In one case, a high-production automotive airbag assembly manufacturer described its method of improving cycle time as connecting a light curtain at the access to the load/unload station to the forward overtravel limit input of the servo drive that moves the bag folding arms. If the operator reaches in while the machine is still moving toward the unload station, the axis would stop; if moving away after releasing the completed airbag, motion would be allowed even though the operator’s hands were through the curtain. By using a standard (non-safety) input with no redundancy or diagnostics, a single failure could possibly cause a loss of stopping function and allow rapid motion toward the operator’s hands—the hazard the company was trying to avoid.

The standard servo drive overtravel limit input is a circuit designed with normal good practice, but it is not a safety-rated redundant control-reliable circuit. Although it had never failed to a hazardous condition in any of the other scores of machines in their plants, the risk remains for a failure that goes undetected until it causes an accident. To ensure safety, the plant should consider here the drive feature Safe Direction, as defined in IEC EN 61800-5-2.

Safe Direction provides safety certified monitoring of the axis motion that shuts the axis down to no torque if the axis moves more than a configurable distance in the "wrong" direction. Once configured, the monitoring can be turned off and on with redundant complementary safety inputs to the drive—in this case from the light curtain outputs. In retrofits, an original system may not be up-to-date on basic guarding and interlocking. Often a simple single-channel non-redundant emergency stop to remove power is all that was provided.

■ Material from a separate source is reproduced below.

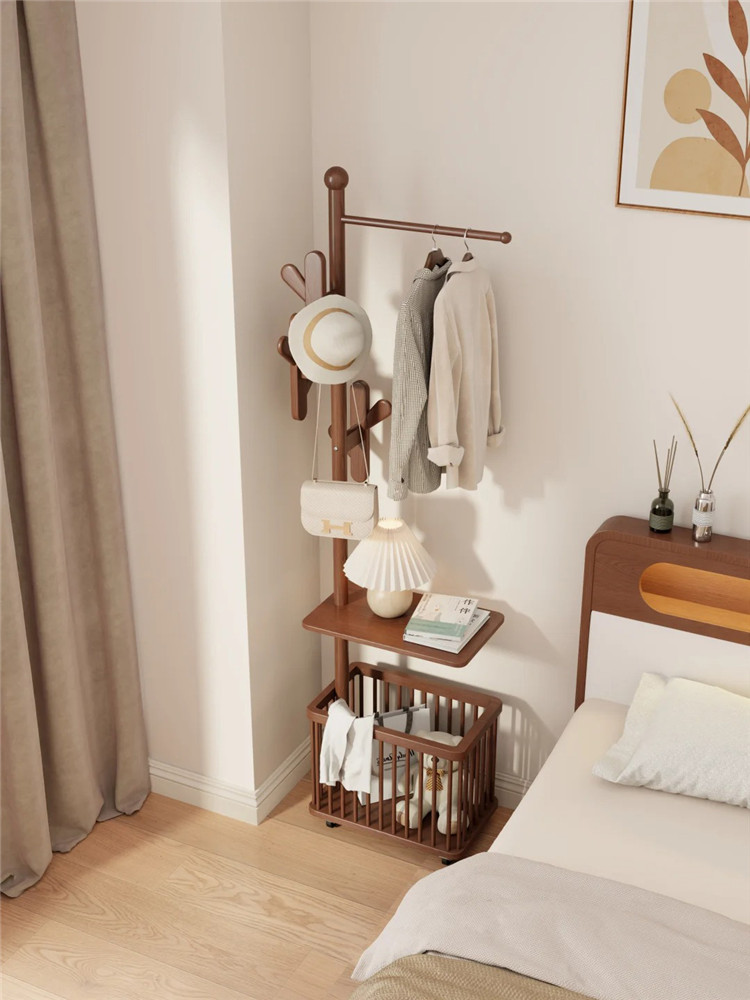 臥室設計,武漢室內設計,臥室裝修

Adding the proper guarding and door interlocking that drops power to servo drives may result in new errors and sequence restart issues. Dropping input power contactors also stresses bus capacitors, wastes energy from discharging and recharging, and takes time to restart that could be used for the production cycle. Controls Integrator Dave Stuber of Custom Controls Solutions, St. Charles, IL, suggests the use of Safe Stop 2 functionality, as defined in standard IEC EN 61800-5-2. It allows a drive to maintain torque and hold position while stopped. All axes in a complicated system can maintain position and synchronization while doors are opened for setup adjustments.

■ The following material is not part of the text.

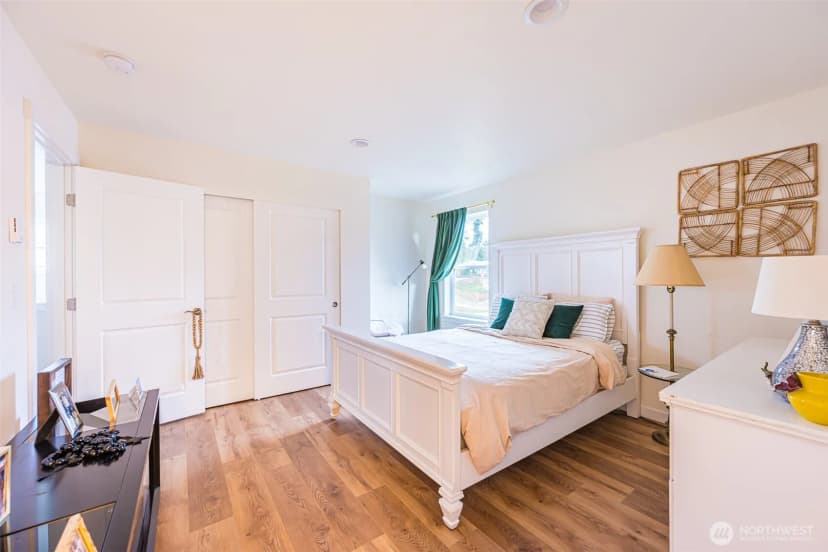 Property photo for 1406 Rook Drive, Port Angeles photo 17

The safety function monitors for motion and shuts down to no torque if there is motion beyond a determined safe limit. Power cycling stress, contactor wear, time delay, errors, and additional logic for mid-cycle restart are avoided. These new techniques are now allowed under standards like NFPA 79-2007, which permit a servo drive designed for the purpose to be used for stop functions without requiring power disconnect by an electromechanical device.

– Gary Thrall is senior product support engineer, Bosch Rexroth Corp.